A informação foi confirmada pelo vereador Leandro Ferreira (PT), presidente do colegiado, em entrevista na qual detalhou o andamento dos trabalhos e as próximas etapas.

Prazos e celeridade

Ferreira reiterou que a comissão tem o prazo máximo de 90 dias ininterruptos, contados a partir da notificação da vereadora, para concluir o processo e submeter o relatório final ao plenário. Caso o prazo não seja cumprido, o processo é arquivado. Segundo o presidente, a comissão já esgotou cerca de 30 dias desse período e trabalha com a meta de entregar o relatório conclusivo dentro de 45 dias.

A comissão foi constituída no final de julho, após a aprovação do requerimento em plenário. O grupo é composto por Leandro Ferreira (presidente), Rafael Castro (secretário) e Alexandra Mendes (relatora).

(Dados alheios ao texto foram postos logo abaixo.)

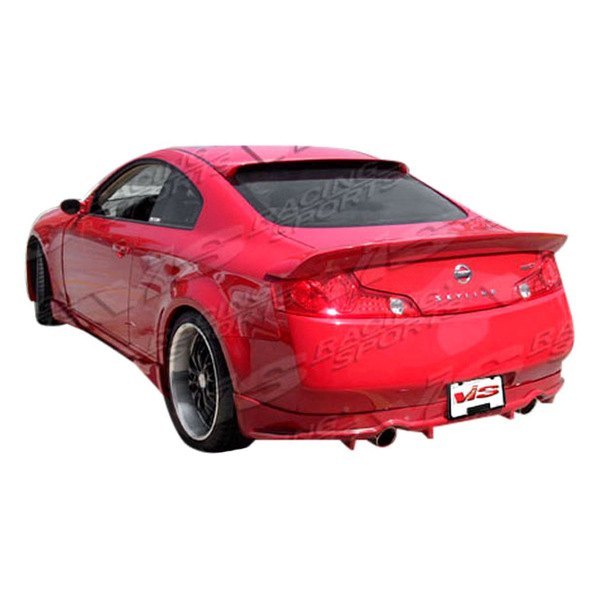 VIS Racing Invader / Veilside-Style Rear Lip (Fiberglass) - Infiniti G35 Coupe - Outcast Garage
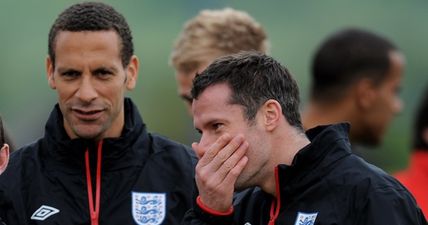 Rio Ferdinand takes the mick out of Jamie Carragher over Liverpool’s lack of a league title in 26 years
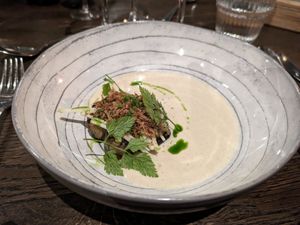 Artichoke soup at Sky Kitchen & View  in Rovaniemi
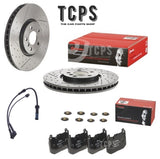 FOR MINI 2.0 JCW F56 335MM DIMPLED GROOVED BREMBO FRONT BRAKE DISCS & PADS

A relatora, de acordo com Ferreira, recomendou por unanimidade o prosseguimento do processo, não havendo, no momento, qualquer juízo de valor ou definição sobre a culpa ou não da vereadora.

Oitivas e contraditório

A fase de depoimentos iniciará no dia 1º de setembro. Na primeira oitiva, serão ouvidos Juliano Coutinho do Monte e Cintia da Rosa Porto, ambos testemunhas indicadas pela defesa da vereadora. Outras seis testemunhas serão ouvidas nos dias 8 e 9 de setembro, e a comissão, a pedido da defesa, avalia ainda a inclusão de outras três pessoas.

A comissão reiterou seu compromisso com a transparência e a garantia do contraditório, pautando suas ações pelo Decreto 201 de 1967, que regulamenta a responsabilidade de prefeitos e vereadores. “Temos tido muita prudência e responsabilidade, não há espaço para sensacionalismos ou qualquer posição que venha minar ou prejudicar todo o curso do processo”, afirmou Leandro Ferreira.

Decisão do Plenário

Após a conclusão da fase de depoimentos, a comissão emitirá o seu relatório final. O documento será apresentado no Plenário, que será o responsável por votar a cassação ou não da vereadora Eva Coelho. Para que a cassação seja aprovada, a legislação exige o voto favorável de 2/3 dos vereadores, o que, no caso de Sant’Ana do Livramento, representa um mínimo de 12 votos.

A comissão não tem poder de cassação. Seu papel é conduzir o inquérito e apresentar um relatório, cabendo ao plenário a decisão final. “Estamos conduzindo os trabalhos para garantir o direito de defesa, sem prejuízo da responsabilidade que temos com a sociedade. O desfecho será dado no plenário, pelos vereadores”, enfatizou o presidente do colegiado.